Pastor Tunde Bakere
Convener,
Save Nigeria Group, Pastor Tunde Bakare, has accused some church leaders in the
country of aiding and abetting corruption.
The
Serving Overseer of The Latter Rain Assembly also said some churches not only
encourage and harbour corrupt individuals, but also receive ill-gotten money
from them.
He
said this while delivering a speech in preparation for the first
anniversary of the Occupy Nigeria Protest in Lagos on Sunday.
He
said, “The church has failed the nation. Worst oppression is going on in the
churches today. Most churches encourage corrupt leaders by failing to tell them
the truth and collecting their money.”
Speaking
on the theme, ‘Corruption and the Soul of the Nation’, the lawyer regretted
that corruption had robbed the country of the chance to realise its potential.
He
said, “It cripples a nation’s character and drains her of substance. We are
confronted daily with news and reports of executive corruption in high places,
assaulted with a legal system that has long lost respect for the sacredness of
justice.
“We
have resorted to worshipping and preserving certain sacred cows and even their
sires.
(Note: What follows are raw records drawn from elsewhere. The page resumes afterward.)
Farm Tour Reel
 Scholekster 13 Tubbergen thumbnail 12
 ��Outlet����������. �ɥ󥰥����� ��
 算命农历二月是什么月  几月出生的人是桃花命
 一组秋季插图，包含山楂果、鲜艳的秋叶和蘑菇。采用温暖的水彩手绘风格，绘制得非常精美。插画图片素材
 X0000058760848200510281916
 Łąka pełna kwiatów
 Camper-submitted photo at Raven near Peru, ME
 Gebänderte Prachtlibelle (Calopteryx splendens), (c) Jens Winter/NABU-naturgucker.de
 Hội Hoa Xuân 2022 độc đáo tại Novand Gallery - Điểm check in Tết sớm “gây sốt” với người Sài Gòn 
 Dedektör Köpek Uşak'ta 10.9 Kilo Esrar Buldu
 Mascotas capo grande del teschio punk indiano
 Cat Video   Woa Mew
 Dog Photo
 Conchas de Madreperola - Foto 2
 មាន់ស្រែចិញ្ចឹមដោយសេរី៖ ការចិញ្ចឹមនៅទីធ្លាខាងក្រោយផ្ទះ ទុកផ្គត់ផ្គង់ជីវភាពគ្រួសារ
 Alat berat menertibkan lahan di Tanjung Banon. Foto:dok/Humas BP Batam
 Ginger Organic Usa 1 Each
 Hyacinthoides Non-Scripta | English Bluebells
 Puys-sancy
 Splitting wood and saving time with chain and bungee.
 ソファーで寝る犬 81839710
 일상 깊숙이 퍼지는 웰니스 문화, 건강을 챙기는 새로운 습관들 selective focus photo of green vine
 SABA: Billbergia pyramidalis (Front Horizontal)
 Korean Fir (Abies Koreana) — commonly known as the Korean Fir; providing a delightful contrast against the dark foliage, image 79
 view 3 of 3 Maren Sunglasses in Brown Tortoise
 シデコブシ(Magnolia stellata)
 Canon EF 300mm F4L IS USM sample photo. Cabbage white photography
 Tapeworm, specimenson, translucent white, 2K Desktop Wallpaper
We have a social system that makes a mockery of a country and her feeble
efforts at self-reclamation to the end that even her entire existence becomes a
running joke.
“This
is not mere alarmism. Our country has long been distorted by corruption and it
has progressively eroded her strength and undermined her potential.”
Bakare
reiterated his call for the convening of a national conference, saying it would
help solve some of the country’s socio-economic and political problems.
Recalling
the protest against the fuel subsidy removal in January last year, the Congress
for Progressive Change’s Vice-Presidential candidate for the 2011 presidential
election said it was a collective resolve by Nigerians to fight against
injustice and oppression.
He
said, “The protest was unprecedented that Nigerians across the country,
irrespective of religion and ethnic identification, resisted the subsidy
removal on such a scale.
“From
a little band of people who began to protest and clamour that Nigeria must be
occupied, it steadily grew into a mammoth movement as each one told his
neighbour that this was a chance to snatch our country back. While it lasted,
people were energised. They wanted to question the answers they already had on
the state of affairs in the country.”